Alas, after several months we tore it all out and went back to React+Tailwind.
We still use native HTML popovers and :has selectors and other things we've have learned.
But writing UIs across three files (template, stimulus controllers, css) is such a tremendous bore. Concepts that belong together are spread out and I needed to be diligent with placing attributes and classes and remember to remove them all when removing functionality again. Obviously no compile-time checks, just magic strings and runtime errors. The Hotwire docs were also surprisingly hard to work with. All in all a lot of friction.
This just was not worth it.
inb4 rage, it is possible to use React for the UI alone and pass in fully formed view models, use form submissions and links.
But there is.
I think cascading is a bad default. It's useful, but only sometimes, and often causes headaches like unintended coupling and confusion about why rules are being overridden. The utility class approach (like Tailwind) makes a lot of issues like this go away. I don't see a good reason why the traditional approach is worth the extra pain or discipline.
The cascade model is a bad design.
In particular I use:
1. The `composes` feature to do something like base classes.
2. The import feature to get something like namespacing.
Given the recent advancements in CSS, I won’t be surprised if they eventually build something like `composes` into the base language.
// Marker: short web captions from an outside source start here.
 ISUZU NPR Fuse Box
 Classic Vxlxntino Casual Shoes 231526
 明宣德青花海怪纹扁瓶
The namespacing seems more like an artifact of how you package your website and how you stay organized within your package system (I use webpack).
> Using characters as the unit of measure ensures that we get the right behavior no matter which device you’re using and in a number of other scenarios such as multitasking on iPad or even if you simply enlarge the font size past a certain point.
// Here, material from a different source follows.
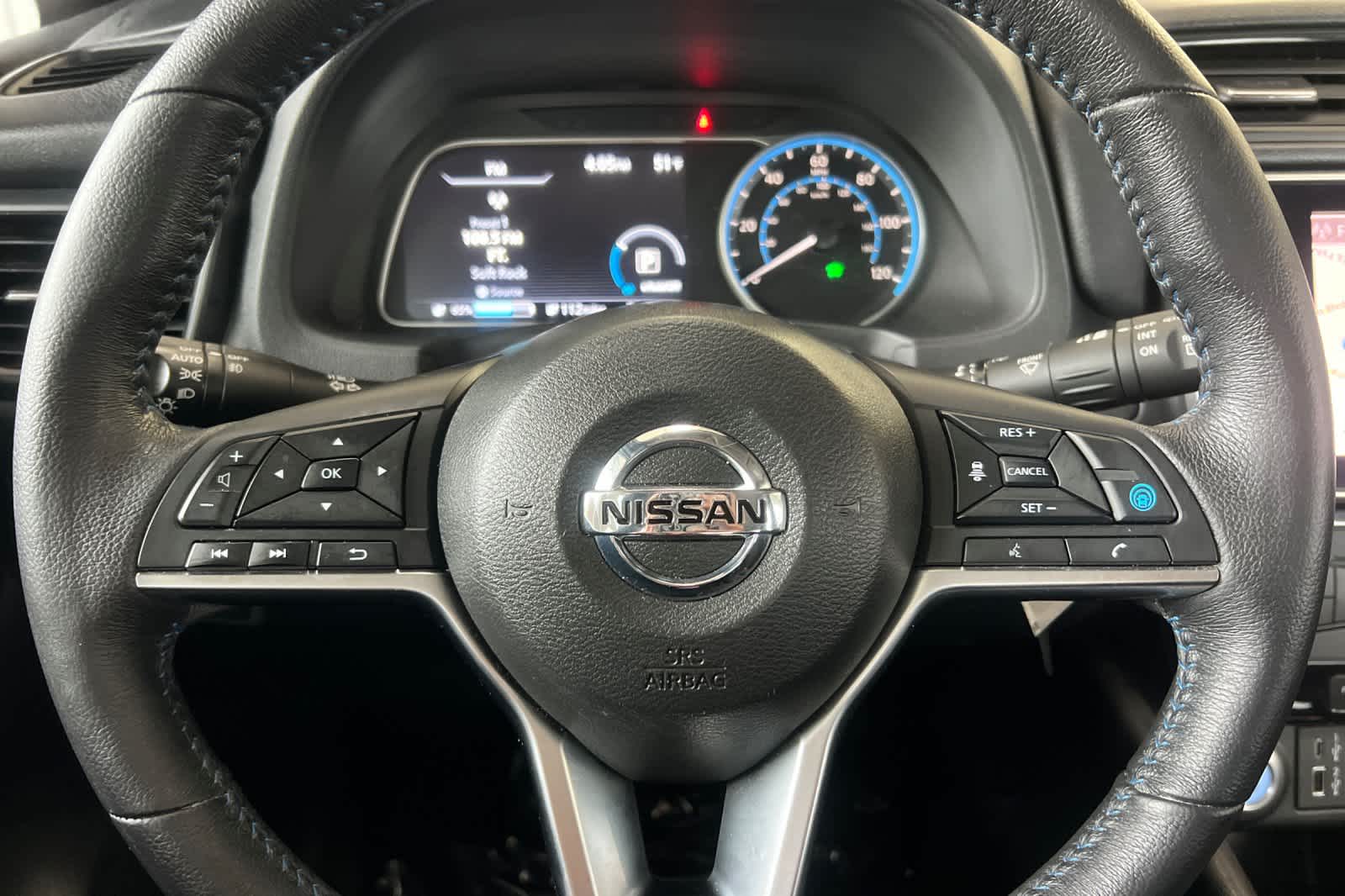 Thumbnail: 2022 Nissan Leaf - 25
Nice idea! I haven't seen this before.
A better comparison would use, for example, a React component:
function Button({ children }) {
return (
<button
className="inline-flex items-center gap-2 px-4 py-2 rounded-full
border border-gray-300 bg-white text-gray-900
hover:bg-gray-50 focus:ring-2 focus:ring-blue-500"
>
{children}
</button>
);
}
// Usage:
<Button>Save</Button>
This would counter all of the article’s arguments in favor of pure CSS. If the website used a `Button` component like this, it would also be true that the “HTML stays readable”, that “changes cascade”, that “variants compose”, and that “media queries live with components”.A better argument against Tailwind would be the added complexity of having a build system and a front-end framework or templating language, if your project doesn’t already have those for other reasons.